# S l o w but steady



## 3192 (Dec 30, 2004)

It's taken about 8 hours of slow, tedious work but I've manage to bore out about 8" of mesquite endgrain! Only 10" more to go!! LOL
This by far has been one of the more challenging woodturnings for me with all sorts of _'now what?'_ coming into play. Here are some pictures of yesterday's progress. gb


----------



## Slip (Jul 25, 2006)

Man O Man, that looks great. Don't look like there is enough wood there to hold things together. That piece is going to look great in my curio cabinet. LOL. Sounds like it going very slow with the hollowing. That is really awsome. I would be nervious on that piece, not of it flying, but of me messing up something that nice.


----------



## Tortuga (May 21, 2004)

Hey, GB...you might wanna check that sucker..That pot has a HOLE in the side of it....ain't never gonna hold no water...sad_smiles :wink: 






you kNOW I'm j/k, Jim


The other Jim:cheers: ....GREAT WORK !!!!!


----------



## 3192 (Dec 30, 2004)

Jim....I've actually had people ask if I was going to 'fill in' the holes on some of these turnings. Too funny! Made it to the 11" depth mark this evening and shut it down because of the noise level. It's not the quietest operation in the 'hood! gb


----------



## Slip (Jul 25, 2006)

Guess if you don't know what goes into a project like that, not everyone can appreciate the form. To me, that is fantastic and can really appreciate the beauty and amount of talent to make one of them things. Hollowing out a form like that is very rewarding knowing how it is done. Guess that is why I like hollow forms now myself and envy anyone that can turn out a project of that scale. Keem the progress comming, it is going great.


----------



## Too Tall (May 21, 2004)

That piece is definately going to have some character. Can't wait to see it when you get it finished.


----------



## dicklaxt (Jun 2, 2005)

I know just what you are going thru with that steady,,,its very similar to mine. It sure takes a fine touch to keep the cutter from digging into the material as it releases from the material, crosses the void and contacts the material again. I'll bet you are holding your breath on that operation ,great job.
dick


----------



## 3192 (Dec 30, 2004)

I finally finished the boring process. Talk about a pain in the kazoo! That mesquite endgrain is like cutting concrete. My final boring depth ended up at 14". The tool tip was about 15" off of the tool rest! Talk about a long stretch without support. The tool started to chatter a little so I stopped at that point. I'm in the process of sanding and finishing. I'll use the Min-Wax 209 Natural starting the wetsanding at 220 and go through 1000 grit. I hope to have it completed by the end of the weekend. I'll still need to reverse chuck it to complete the bottom foot. The last picture shows some of the marbled grain...awesome looking with the oil on it! Keep your tools sharp! jim


----------



## Juicy (Jun 19, 2007)

That's beautiful. My dad turns wood for fun, and he gives me and my sisters gifts that he turns for christmas, and birthdays. It's so much more special than anything money can buy. Keep up the good work!!


----------



## Tortuga (May 21, 2004)

Spectacular, Jim !!!!! Can't wait to see the finished work...

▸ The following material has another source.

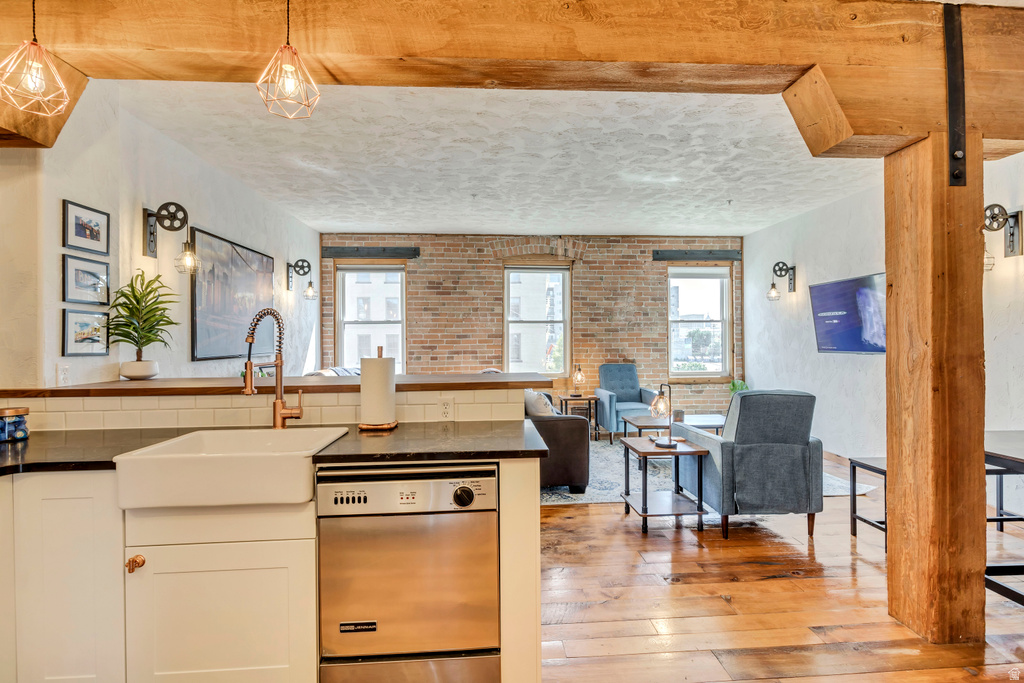 327 W 200 S #305 Salt Lake City, UT 84101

15" ????..Gad..if my tool tip gets over an inch from the rest I am in deep Doo-Doo. 


Hmmmmm...One of these days....Naaaaaahhhhh ..No way...

The Other Jim


----------



## Hooked (Oct 15, 2004)

You do some beautiful work Jim. Thanks for sharing it with us.

Bob


----------



## Haute Pursuit (Jun 26, 2006)

Man, that piece is gorgeous!


----------